In the Feynman lectures, it is mentioned that [Vol 1; Gravitation]:
Galileo discovered a very remarkable fact about motion, which was essential for understanding these laws. That is the principle of inertia—if something is moving, with nothing touching it and completely undisturbed, it will go on forever, coasting at a uniform speed in a straight line. (Why does it keep on coasting? We do not know, but that is the way it is.)
How Gallileo discovered the law of inertia ? In those time, there were probably no frictionless area so that he could test his hypothesis.

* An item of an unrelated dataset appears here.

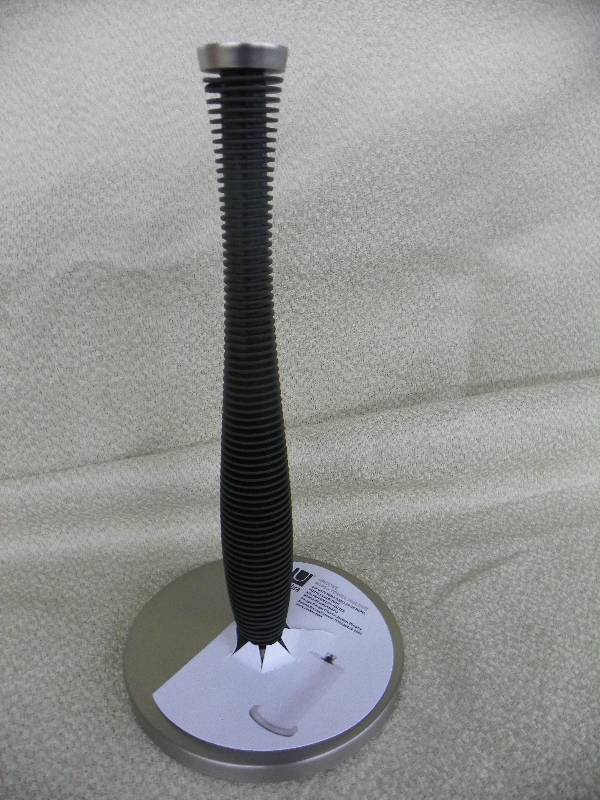 lot 520 image: GROOVE Paper Towel Holder, MSRP $39.99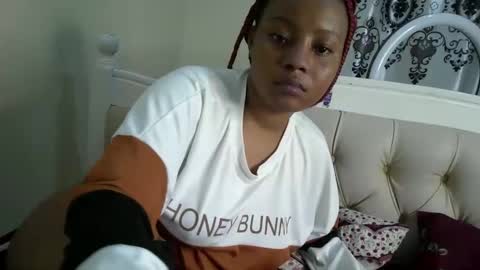 Snapshot of queenbeiby05 chatting on November 2025 12:32:01 AM queen online show from November 2025 12:32:01 AM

And uncontrolled "thought experiment" can lead you astray like Aristotle (who belived that continuous force is required to get a particle moving all the time).
Here, I do find Feynman's quotation (of Tycho Brahe's "idea" ) relevant, but I can't make the connection:
This [debates about the nature of the motions of the planets would best be resolved if the actual positions of the planets in the sky were measured sufficiently accurately] was a tremendous idea—that to find something out, it is better to perform some careful experiments than to carry on deep philosophical arguments.
A quote by Paul Dirac is also relevant here (not directly, the bold words are only relevant):
". For example, rough experiments about the relation between the pressure and volume of a gas at a fixed temperature give results fitting in with a law of inverse proportionality, but it would be wrong to infer that more accurate experiments would confirm this law with greater accuracy, as one is here dealing with a phenomenon which is not connected in any very direct way with the fundamental laws of motion.",
How you can be sure that the less friction you use, the more accurate it becomes ?
Update: Since most of the person are focusing on galileo did that (my ill written title misled them), I actually wanted to know how scientists get rid of their Aristotlian intuition and developed the idea (notion) of inertia.